Data:
#####
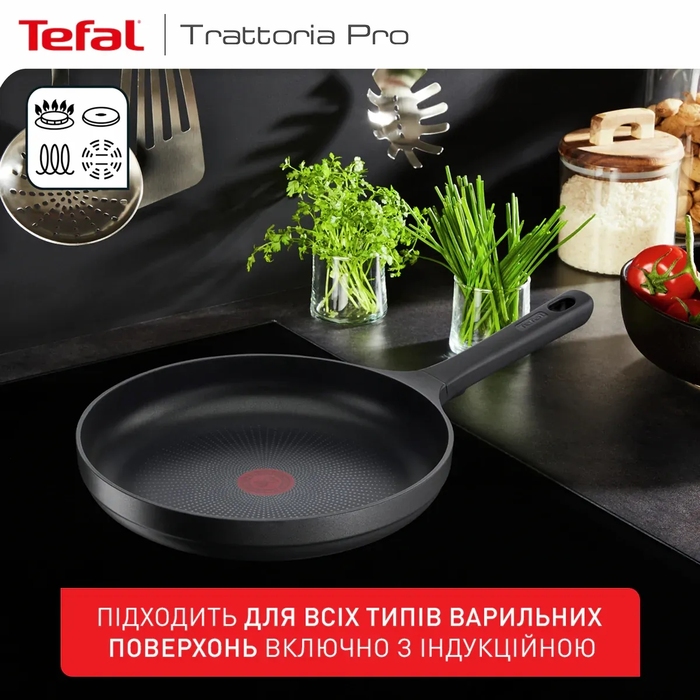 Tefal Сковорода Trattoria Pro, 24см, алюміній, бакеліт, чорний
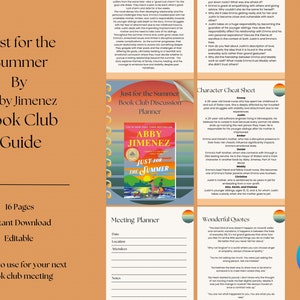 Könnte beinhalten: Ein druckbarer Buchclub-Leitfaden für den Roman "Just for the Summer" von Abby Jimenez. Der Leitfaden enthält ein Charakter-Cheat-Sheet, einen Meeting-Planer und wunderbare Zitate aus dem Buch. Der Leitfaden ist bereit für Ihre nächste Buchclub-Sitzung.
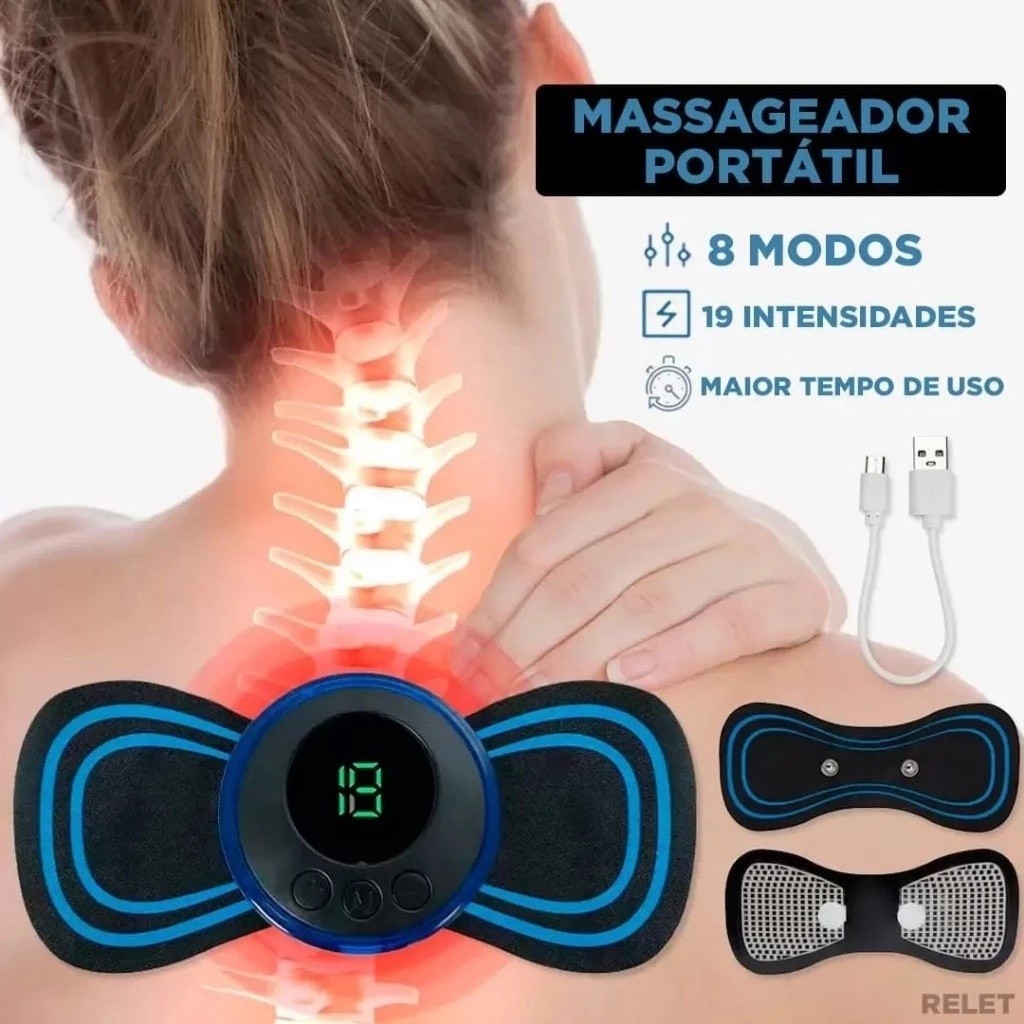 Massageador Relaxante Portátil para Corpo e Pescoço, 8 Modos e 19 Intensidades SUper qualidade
#####
What needs to be done: Would you restate, word for word and with no pictures, only the lines from the opening of the material through the line with "Könnte beinhalten: Ein", both included?

Answer for the task:
 Tefal Сковорода Trattoria Pro, 24см, алюміній, бакеліт, чорний
 Könnte beinhalten: Ein druckbarer Buchclub-Leitfaden für den Roman "Just for the Summer" von Abby Jimenez. Der Leitfaden enthält ein Charakter-Cheat-Sheet, einen Meeting-Planer und wunderbare Zitate aus dem Buch. Der Leitfaden ist bereit für Ihre nächste Buchclub-Sitzung.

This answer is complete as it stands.